When I was upset, I looked at the bright side. When I was scared, I pushed through it. When I was sad, I got over it. It’s not that I’ve had an easy life, devoid of heartbreak, grief and challenges. I’ve had plenty of those. It’s just that I never decided to focus on that side of things. I thought it was all good. Until it wasn’t.

Several years ago, I found myself facing anxiety for the first time. And not just a little anxiety. We’re talking paralyzing, full-on panic that I had no control over. At one point, I didn’t want my husband to leave for work in the morning. If you’ve ever suffered from anxiety, you know how hard this can be. As someone who has always been adventurous, rarely felt the full force of fear and wired for positivity, this was NOT me and I had no idea what to do.

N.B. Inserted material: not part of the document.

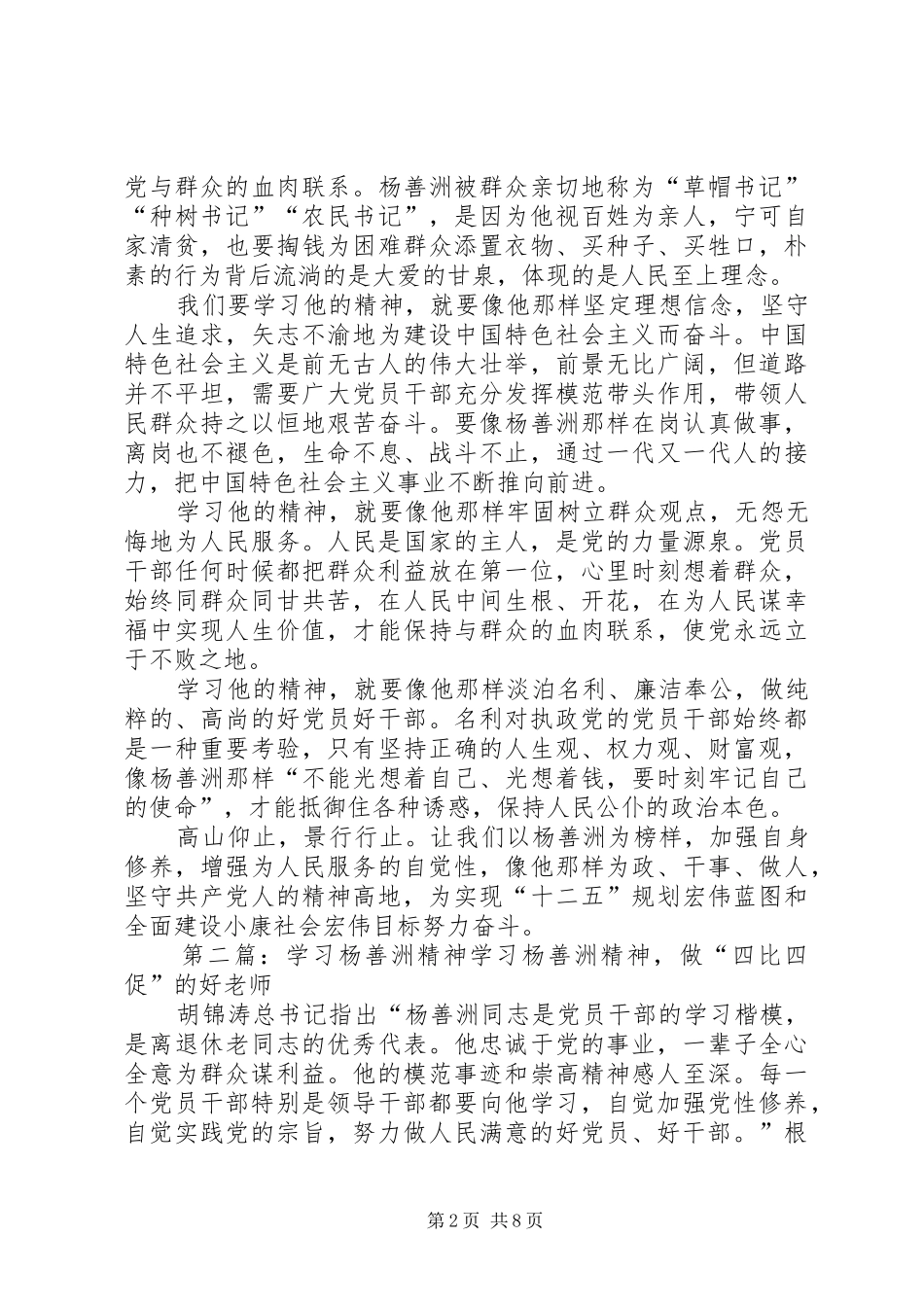 2024年大力学习杨善洲精神_第2页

What I learned (that I have always known, but maybe never fully understood) as I worked through that anxiety, was that it was a symptom. A symptom that something wasn’t working in my life. It was nature’s way of telling me I was off track. There was too much on my plate, I wasn’t taking great care of myself and I needed to slow down.

I may not have slowed down if I wasn’t hit by this spiritual 2×4 of negative feelings. I may have been able to push through many of the ‘negative’ emotions in my life, but some of them were really just pushed down.

I’ve come to learn that negative emotions are neither good nor bad. They are not actually negative; they just feel that way. They are part of life, of being human.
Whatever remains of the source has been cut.